お好み夜話-Ver2

カラダにいいことをやめてみる

「あきらめる」という言葉がある。

漢字で書くと「諦める」と書くことが多いし、この歳になるまでそれしかないと思っていた。

「大辞泉」での意味は、
「もう希望や見込みがないと思ってやめる。断念する」
とある。

多くの人は「あきらめる」にこの意味しかないと、漫然と信じていると思う。

このオヤジもそうだった。


何千年も前の中国で書かれた「易経」で、「易」と「不易」という考え方があるそうだ。

街角の当たるも八卦、当たらぬも八卦の胡散臭い「易者」のことは取りあえずおいといて、「不易」というのは変わらないこと、例えば季節の運行、昼夜の流れ、老化などで、それに対して「易」というのは体調など変化し続けるもので、変わって行く「易」のカラダを季節や天候に合わせながら生活することが健康を保つ秘訣だと説く。

そしてそこには、若返り、不死といった不自然な考え方はなく、人は皆歳をとり続け、老いて、いつかは死んでゆく。

そんなカラダの変化を潔く認め、受け入れる。

それが「諦める」=「悟り」という意味で、現代医学では「敗北」と考えられている「死」さえも、人の変化の一環として美しく認めようという考え方を何千年も前の人は受け入れていた。


ちなみに辞書で「明らめる」と引いてほしい。

そこには、
「事情や理由を明らかにする。はっきりさせる。心を明るく楽しくする。気持ちを晴れやかにする」
と書かれている筈だ。

世間一般で流通している負の意味の「あきらめる」とは違う意味が、じつはあったのだ。


久々にいい本に出会った。

それが

「カラダにいいことをやめてみる」。

著者の「桜井竜生」氏は、ブラックジャックに憧れ外科医になり、そこから漢方医に転身した経歴を持つ。

本の帯に書いてあることを羅列してみよう。

○ 医者なのに僕がクスリを大嫌いなワケ
○ 健康法は足し算から引き算の時代へ
○ サプリメントは不安に効く宗教
○ 言いわけのために飲む薬
○ 高級料理よりコンビニ食が健康的な時
○ 現代医学は体を機械としか見ない
○ 漢方が怪しいと思われてしまう理由
○ 病気は「むりやり」見つけるものではない


この本の中では、医師としての実体験に基づいた「あきらめ」で、もともと備わっているカラダという計測器のセンサーを鋭くして病気や不調の前兆を感じ、自らの自然治癒力を高めるため「カラダにいいことをやめる」引き算の健康法を説く。

この考えはまさに今ポンコツオヤジが実践していることで、それを専門家の立場で平易な言葉と説得力のある事例で述べている。
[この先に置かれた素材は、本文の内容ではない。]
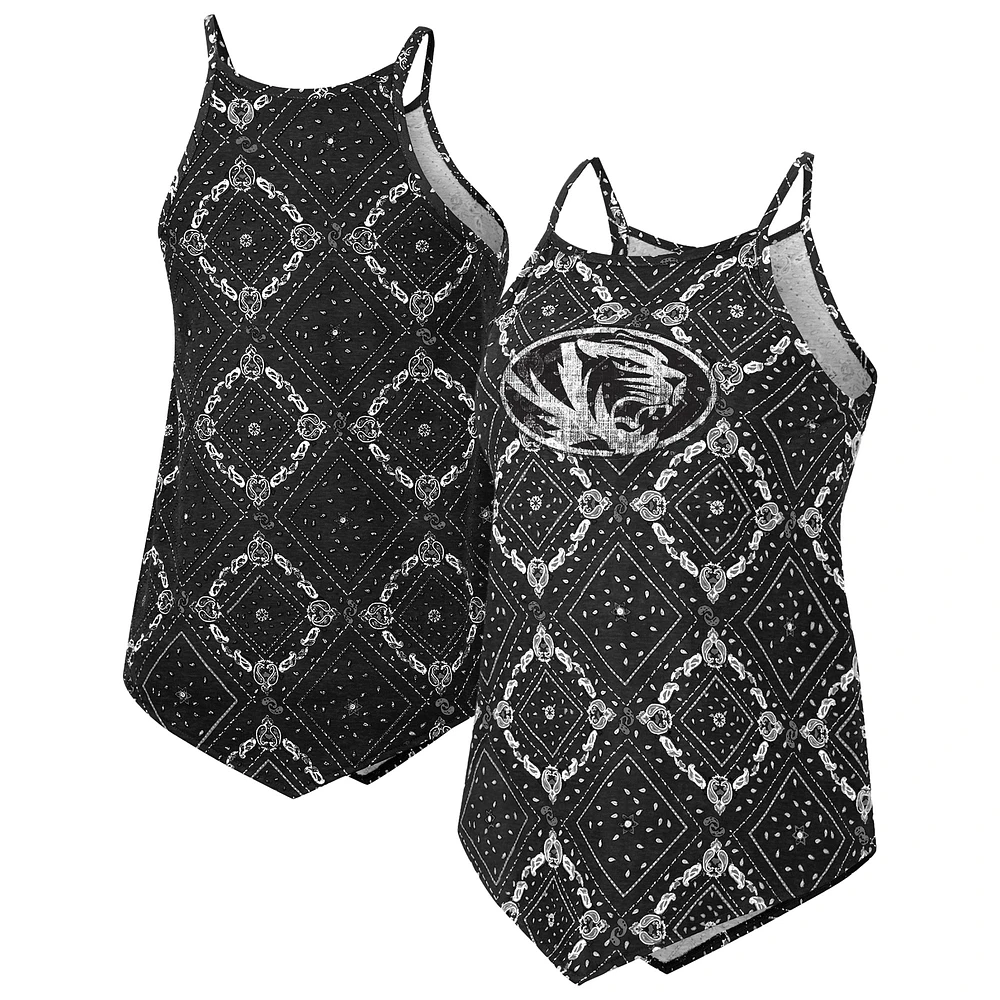 Women's Colosseum Black Missouri Tigers Wrangler Bandana Tank Top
まえがきを読んだだけで、この人こんなことを書いて仲間から突き上げられるんじゃないか、と思ってしまうほど、真実を述べている。

その一文、
「本来なら、医者の寿命は、ほかの職業の人のそれより長いはずである。・・・・(中略)・・・・健康を学んだはずの医者自身が、自分を守れない。それが現代の医学である。医者に自分の健康管理をまかせたり、『医者が言うことは全部聞こう』なんていうのはナンセンスだ」

そうなんだよねぇ。

人が病気になるかならないか、どのくらい生きられるか、いつ死ぬか。

そんなことは医学的知識を持っていようがいまいがわからないし、はっきり言って予測不能だ。

エラそうに患者のことを怒る医者、上目線の医者だって、明日はどうなるかわからないのが最先端の現代医学で、今常識とされている治療が5年、10年後にはまったくデタラメになるという巨大な医療パラダイムが目の前に迫っているかもしれない。

そのときそのときで狼狽えて、人の言いなりになり、あれやこれやを取り入れて悪あがきするより、「明らめる」こと。

そしてカラダの声を聞き、カラダが求めることをする。

そうありたいと、心から思う。

「諦め」られない人、ぜひこの本を読むことをお勧めする。